** Opening Data to examine block **
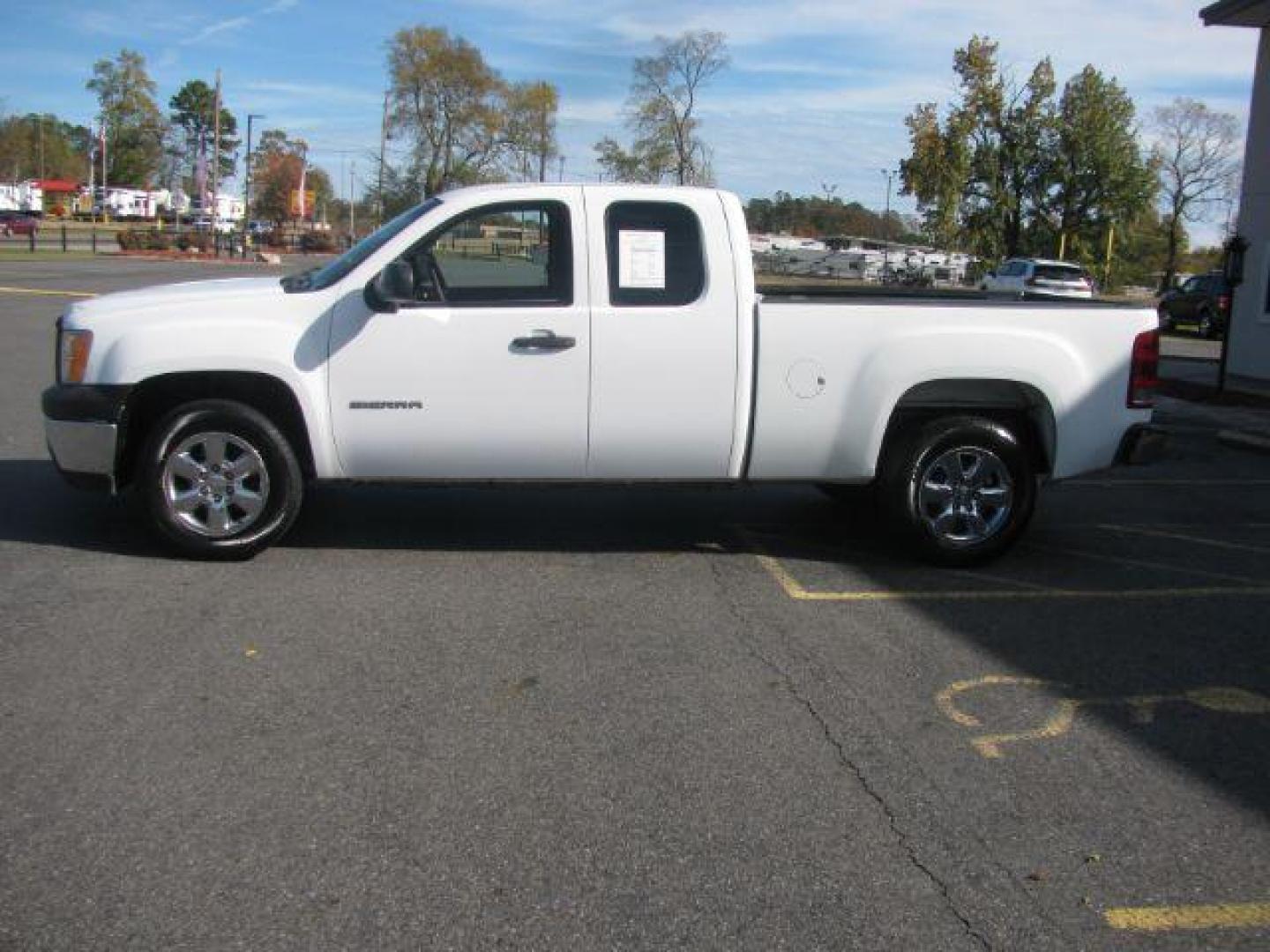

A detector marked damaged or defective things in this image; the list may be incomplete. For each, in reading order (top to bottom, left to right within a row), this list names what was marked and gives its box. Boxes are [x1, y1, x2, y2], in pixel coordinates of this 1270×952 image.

cracked asphalt [2, 257, 1270, 949]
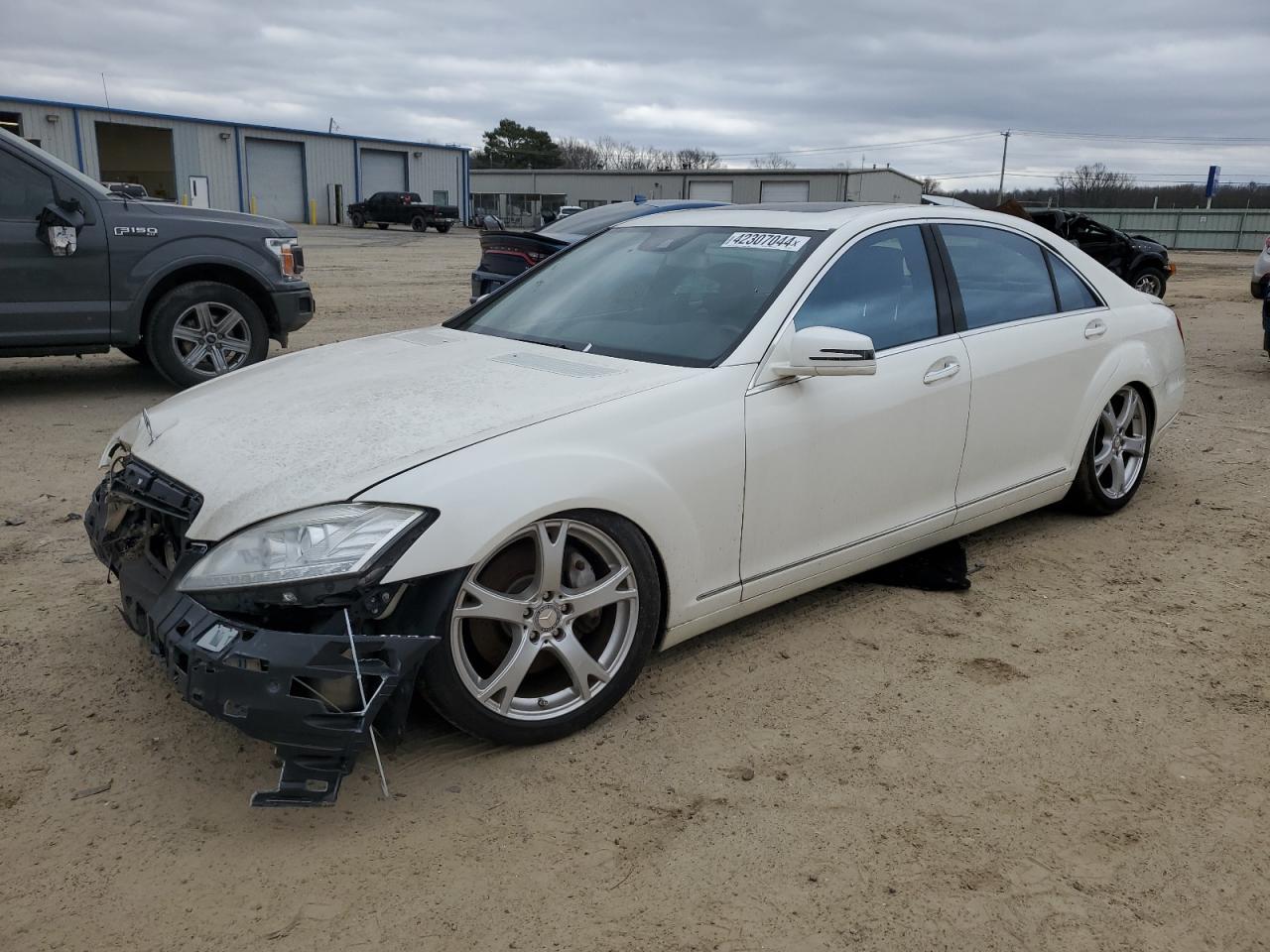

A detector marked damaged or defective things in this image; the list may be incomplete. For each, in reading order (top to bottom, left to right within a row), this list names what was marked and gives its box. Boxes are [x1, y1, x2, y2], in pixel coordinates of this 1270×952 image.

detached bumper cover [82, 467, 442, 807]
damaged front bumper [81, 459, 456, 807]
** Closing Data to examine block **
The answer consists of the records repeated exactly, without any images.

A detector marked damaged or defective things in this image; the list may be incomplete. For each, in reading order (top to bottom, left to right within a row), this list names what was marked and gives its box. Boxes are [x1, y1, x2, y2], in pixel coordinates of this 1270×952 image.

cracked asphalt [2, 257, 1270, 949]

A detector marked damaged or defective things in this image; the list may be incomplete. For each, in reading order (top to bottom, left to right within a row), this list names what was marked and gives its box. Boxes are [x1, y1, x2, y2], in pixel coordinates of this 1270×952 image.

detached bumper cover [82, 467, 442, 807]
damaged front bumper [81, 459, 456, 807]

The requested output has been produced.